------ DATASET EXTRACT

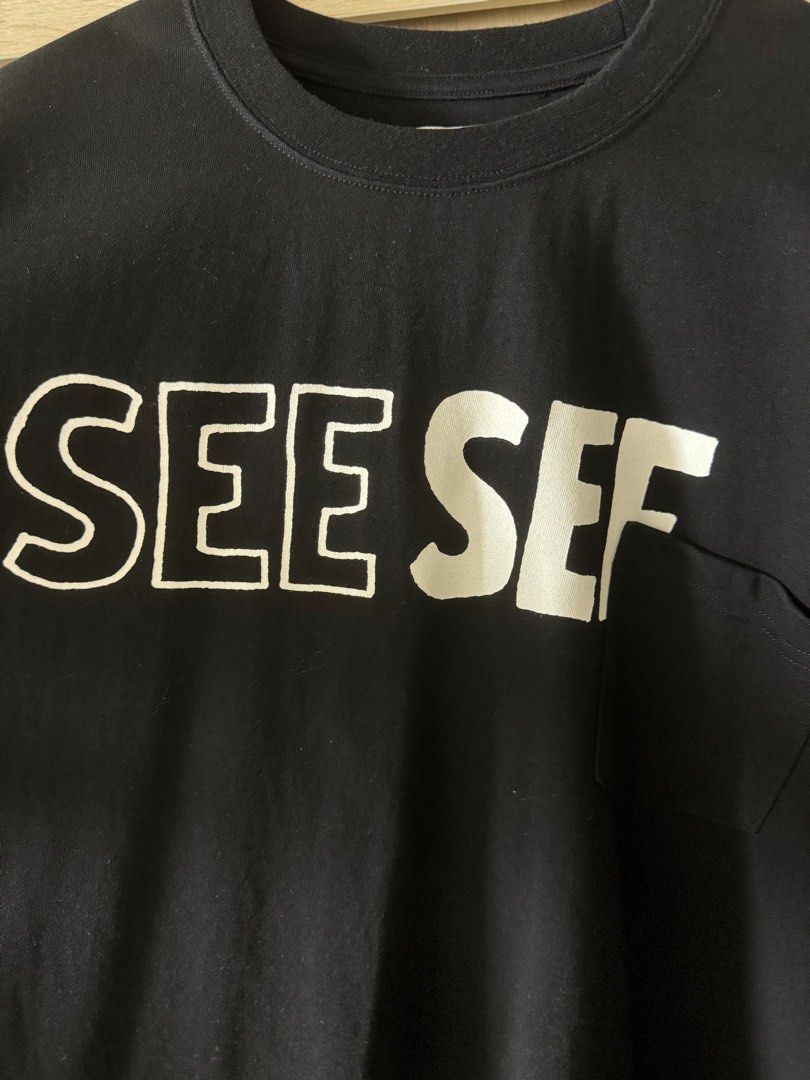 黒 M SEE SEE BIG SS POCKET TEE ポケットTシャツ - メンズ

------------
------ DATASET EXTRACT

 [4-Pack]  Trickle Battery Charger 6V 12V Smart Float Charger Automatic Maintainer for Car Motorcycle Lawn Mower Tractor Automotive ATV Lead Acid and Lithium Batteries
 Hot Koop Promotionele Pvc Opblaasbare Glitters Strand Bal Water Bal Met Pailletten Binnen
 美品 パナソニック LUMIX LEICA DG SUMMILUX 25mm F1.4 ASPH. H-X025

------------

» INSTRUCTIONS FOR THE TASK:
Precisely the lines between those holding "Hot Koop Promotionele" and "美品 パナソニック LUMIX", inclusive, are to be reproduced from the listing above, with nothing added.

» TASK SOLUTION:
 Hot Koop Promotionele Pvc Opblaasbare Glitters Strand Bal Water Bal Met Pailletten Binnen
 美品 パナソニック LUMIX LEICA DG SUMMILUX 25mm F1.4 ASPH. H-X025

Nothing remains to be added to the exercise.